Problem 1
Give two example computer applications for which connection-oriented service is appropriate. Now give two examples for which connectionless service is best.
Problem 2
Datagram networks route each packet as a separate unit, independent of all others. Virtual-circuit networks do not have to do this, since each data packet follows a predetermined route. Does this observation mean that virtual- circuit networks do not need the capability to route isolated packets from an arbitrary source to an arbitrary destination? Explain your answer.
Problem 3
Give three examples of protocol parameters that might be negotiated when a connection is set up.
Problem 4
Assuming that all routers and hosts are working properly and that all software in both is free of all errors, is there any chance, however small, that a packet will be delivered to the wrong destination?
Problem 8
Give a simple heuristic for finding two paths through a network from a given source to a given destination that can survive the loss of any communication line (assuming two such paths exist). The routers are considered reliable enough, so it is not necessary to worry about the possibility of router crashes.
Problem 10
If costs are recorded as 8-bit numbers in a 50-router network, and distance vectors are exchanged twice a second, how much bandwidth per (full-duplex) line is chewed up by the distributed routing algorithm? Assume that each router has three lines to other routers.
Problem 11
Explain the difference between routing, forwarding, and switching.
Problem 15
In the text it was stated that when a mobile host is not at home, packets sent to its home LAN are intercepted by its home agent on that LAN. For an IP network on an \(802.3\) LAN, how does the home agent accomplish this interception?
Problem 19
Consider two hosts connected via a router. Explain how congestion can occur, even when both hosts and the router use flow control, but no congestion control.
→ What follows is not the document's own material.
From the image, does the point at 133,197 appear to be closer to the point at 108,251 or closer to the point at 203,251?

Then explain how the receiver can be overwhelmed, even when using congestion control, but no flow control.
Problem 20
As a possible congestion control mechanism in a network using virtual circuits internally, a router could refrain from acknowledging a received packet until (1) it knows its last transmission along the virtual circuit was received successfully and (2) it has a free buffer. For simplicity, assume that the routers use a stop-and-wait protocol and that each virtual circuit has one buffer dedicated to it for each direction of traffic. If it takes \(T\) sec to transmit a packet (data or acknowledgement) and there are \(n\) routers on the path, what is the rate at which packets are delivered to the destination host? Assume that transmission errors are rare and that the host-router connection is infinitely fast so it is not a bottleneck.